Some of the greatest players in the game are in this category. Barry Bonds and Roger Clemens come immediately to mind. If they were the greatest of their era, aren't they supposed to be in the Hall?
No, not if the vast preponderance of evidence shouts that they used PEDs. Here is what the Hall of Fame asks the electorate from the Baseball Writers' Association of America to consider:
"Voting shall be based upon the player's record, playing ability, integrity, sportsmanship, character, and contributions to the team(s) on which the player played."

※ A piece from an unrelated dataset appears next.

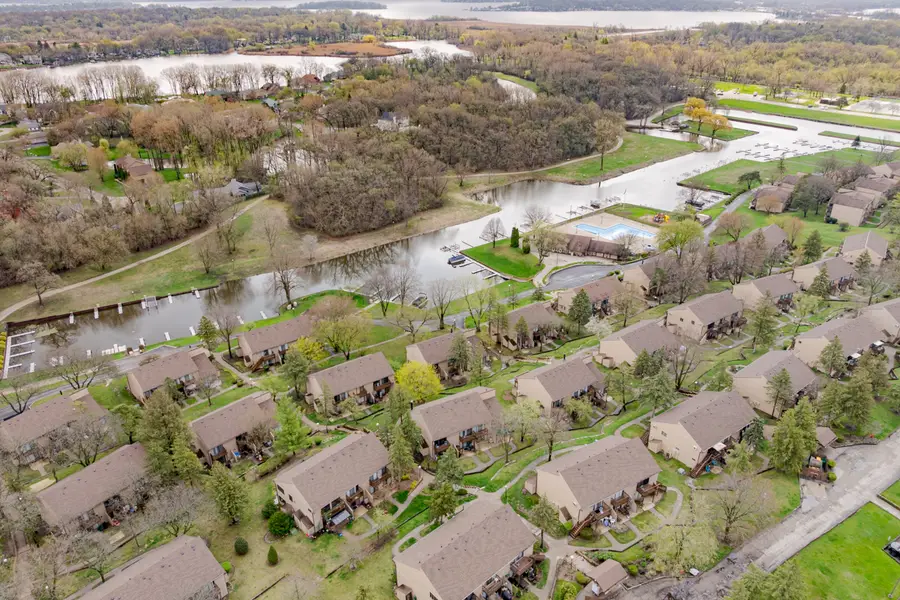 28 Jamaica Colony #3, Fox Lake, IL 60020 - #3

The "integrity, sportsmanship, character," portion of that statement would seem to rule out a user of PEDs. I don't pretend to speak for any of the other 500-plus voters, but this seems to be an unmistakable place to take a stand against people who cheated the game. But these days, moral judgments often seem to be etched not in stone but in the eye of the beholder.
And this is why, in their first year of eligibility, Clemens and Bonds fell far short of the necessary 75 percent of the vote, Clemens receiving 37.6 percent and Bonds getting 36.2. Perhaps the writers were merely giving them a one-year punishment, but perhaps it was a more lasting judgment.
Saying that the voters are conflicted about this issue is a gross understatement. There are some voters who have said that they will vote for anyone who was great enough from the "steroid era" because it is impossible to discern who was using PEDs and who wasn't. Others have said that they will vote for no one from the "steroid era" for exactly the same reason.
The lines of truth and fiction have been blurred. There are players who have been linked to PEDs, despite the fact that absolutely no tangible evidence supports this linkage.
Mike Piazza and Jeff Bagwell are in this category.
Look at their career numbers. They merit election to the Hall of Fame. And yet, last year Bagwell received 59.6 percent of the votes, Piazza 57.8 percent. There is a certain portion of the populace that has reversed the American tradition of the presumption of innocence, making Bagwell and Piazza guilty until proven otherwise.
That isn't an accurate way to do business. It also might be just plain wrong.
Last year's Hall of Fame election came up empty. No one received the 75 percent necessary for induction. This is always a disappointing result for the baseball public, and it stirs up discontent with the voting habits of the writers.
"What do they know?" fans ask.
It's a fine question.
The Baseball Hall of Fame is by far the most exclusive of its kind in North American sports, and the writers look upon themselves as guardians of Cooperstown's gates. The borderline cases are always answered with a "no." This beats the alternative, the slippery-slope lower standard. But that could be just another value judgment.
This year the good news is that there isn't going to be a shutout. One of the strongest fields in years will present some voters with an opportunity to cast ballots for the maximum allowable number, 10.
Not that 10 candidates will be elected, but three first-timers on the ballot should be virtual locks: Greg Maddux, Tom Glavine and Frank Thomas. There are other strong first-year candidates, and one returning candidate who was already on the brink of election. Craig Biggio received 68.2 percent of the votes last year in his first year on the ballot. That sort of first-year performance has historically meant that eventual election is inevitable.
At the other end of the ballot spectrum is Jack Morris, in his 15th and final season on the writers' ballot after pulling 67.7 percent of the vote last year.
There are difficult decisions to be made, many more of them than in the past. Looking back, the pre-steroid era probably wasn't all that simple for Hall of Fame voters, but it certainly seems that way compared with what we have now.